ECLI:FR:CCASS:2013:C301500

mercredi 31 janvier 2024

L'acte de saisine de la juridiction, même entaché d'un vice de procédure, interrompt les délais de prescription comme de forclusion

 

Texte intégral

RÉPUBLIQUE FRANCAISE
AU NOM DU PEUPLE FRANCAIS

LA COUR DE CASSATION, DEUXIÈME CHAMBRE CIVILE, a rendu l'arrêt suivant :

CIV. 2

FD



COUR DE CASSATION
______________________


Audience publique du 18 janvier 2024




Cassation


Mme MARTINEL, président



Arrêt n° 47 F-B

Pourvoi n° V 21-23.033




R É P U B L I Q U E F R A N Ç A I S E

_________________________

AU NOM DU PEUPLE FRANÇAIS
_________________________


ARRÊT DE LA COUR DE CASSATION, DEUXIÈME CHAMBRE CIVILE, DU 18 JANVIER 2024

La société AJS Concept, société à responsabilité limitée, dont le siège est [Adresse 1], a formé le pourvoi n° V 21-23.033 contre l'arrêt rendu le 27 juillet 2021 par la cour d'appel de Pau (2e chambre, section 1), dans le litige l'opposant à la société Zanzibar production, société à responsabilité limitée, dont le siège est [Adresse 2], défenderesse à la cassation.

La demanderesse invoque, à l'appui de son pourvoi, un moyen unique de cassation.

Le dossier a été communiqué au procureur général.
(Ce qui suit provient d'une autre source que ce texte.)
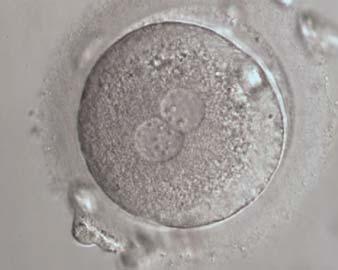 NPBs are scattered in both PNs (400 magnification). It was transferred but the outcome is unknown. Figure 158 A zygote generated by IVF at 16.40 h postinsemination (400 magnification).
Sur le rapport de M. Cardini, conseiller référendaire, les observations de la SCP Lyon-Caen et Thiriez, avocat de la société AJS Concept, et l'avis de Mme Trassoudaine-Verger, avocat général, après débats en l'audience publique du 28 novembre 2023 où étaient présents Mme Martinel, président, M. Cardini, conseiller référendaire rapporteur, Mme Durin-Karsenty, conseiller doyen, et Mme Thomas, greffier de chambre,

la deuxième chambre civile de la Cour de cassation, composée des président et conseillers précités, après en avoir délibéré conformément à la loi, a rendu le présent arrêt ;

Faits et procédure

1. Selon l'arrêt attaqué (Pau, 27 juillet 2021), la société AJS Concept a formé opposition, le 14 novembre 2017, à une ordonnance, rendue le 11 septembre 2017 sur requête de la société Zanzibar production, portant injonction de payer à cette dernière une certaine somme au titre de factures impayées.

Examen du moyen

Enoncé du moyen

2. La société AJS Concept fait grief à l'arrêt de déclarer irrecevable l'opposition formée le 14 novembre 2017 par M. [E] pour son compte, alors « que l'acte de saisine de la juridiction, même entaché d'un vice de procédure, interrompt les délais de prescription comme de forclusion ; que, pour déclarer irrecevable l'opposition formée le 14 novembre 2017 par M. [E] pour le compte de la société AJS Concept, l'arrêt retient que s'il peut être justifié du pouvoir de la personne figurant au procès comme représentant d'une personne morale jusqu'au jour où le juge statue, encore faut-il que ce pouvoir ait une date certaine et que celle-ci soit acquise avant l'expiration du délai de forclusion pour former opposition ; qu'en statuant ainsi, alors que demeurait possible la régularisation de l'acte d'opposition qui, même entaché d'un vice de procédure, avait interrompu le délai d'opposition, la cour d'appel a violé les articles 2241, alinéa 2, du code civil et 121 du code de procédure civile. »

Réponse de la Cour

Vu les articles 2241 du code civil, 121, 1412 et 1413 du code de procédure civile :

3. Selon le premier de ces textes, la demande en justice, même en référé, interrompt le délai de prescription ainsi que le délai de forclusion. Il en est de même lorsqu'elle est portée devant une juridiction incompétente ou lorsque l'acte de saisine de la juridiction est annulé par l'effet d'un vice de procédure. Aux termes du deuxième, dans les cas où elle est susceptible d'être couverte, la nullité ne sera pas prononcée si sa cause a disparu au moment où le juge statue.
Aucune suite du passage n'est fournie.